→ Work order: Look for the line containing "Lifeboat on the Beach in Rimini, Italy." and the line containing "Cute happy big" in the entries below. Copy those two and all lines between them exactly, leaving out pictures.

→ Task material:
/---

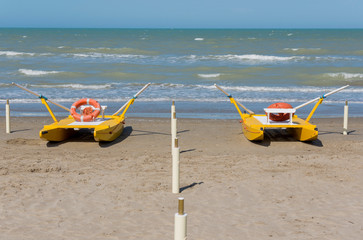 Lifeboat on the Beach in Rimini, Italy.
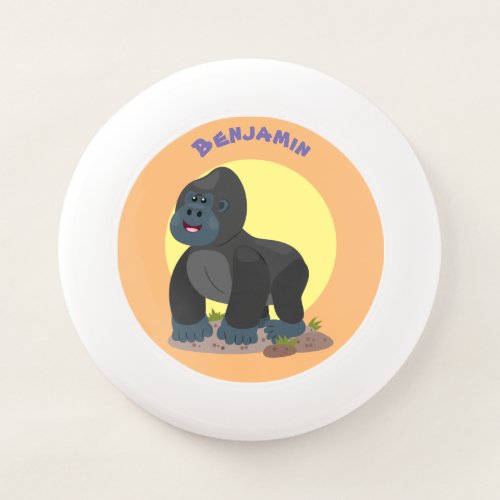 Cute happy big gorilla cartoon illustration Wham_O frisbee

\---
/---

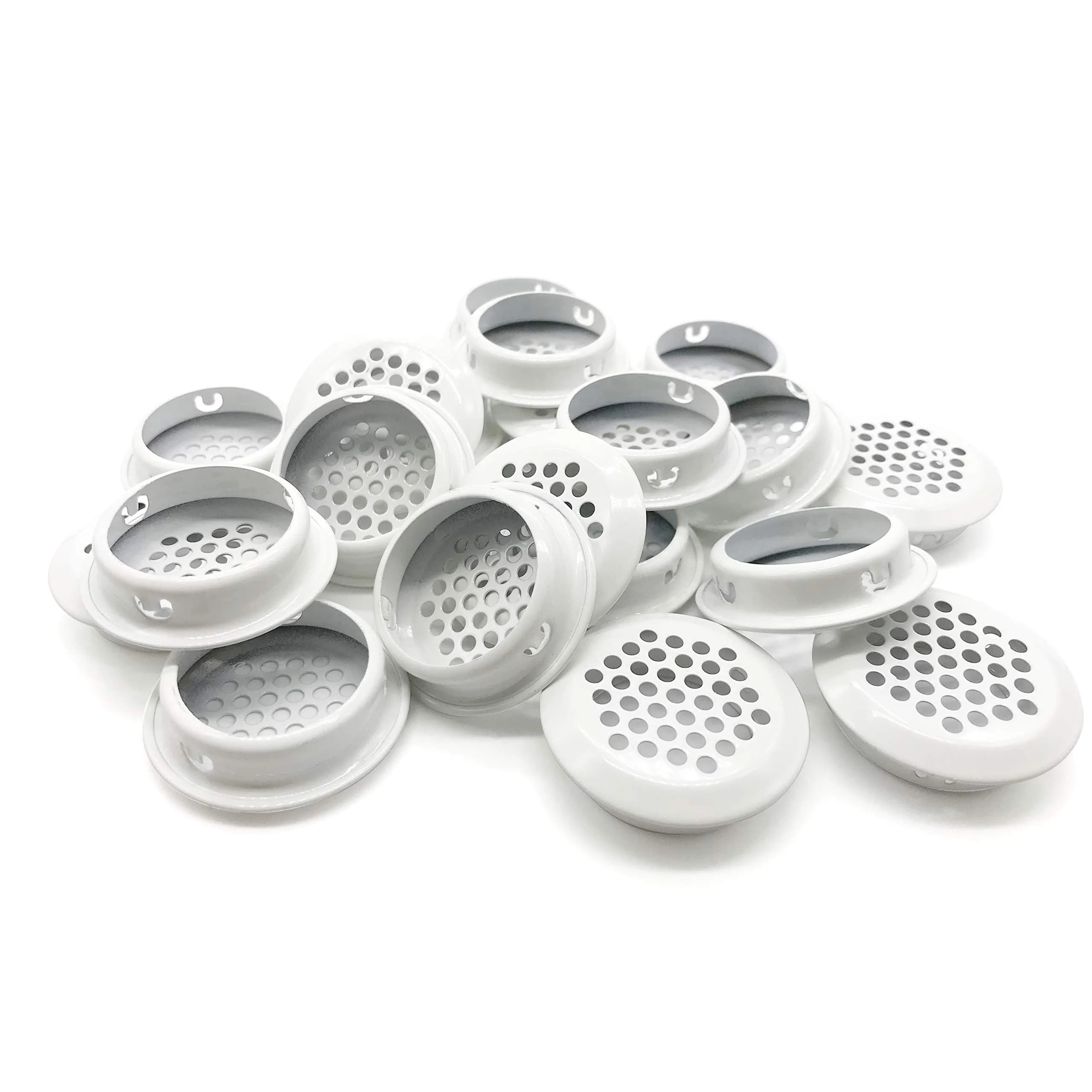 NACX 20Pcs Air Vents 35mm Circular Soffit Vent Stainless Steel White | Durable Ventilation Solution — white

\---

→ The answer:
 Lifeboat on the Beach in Rimini, Italy.
 Cute happy big gorilla cartoon illustration Wham_O frisbee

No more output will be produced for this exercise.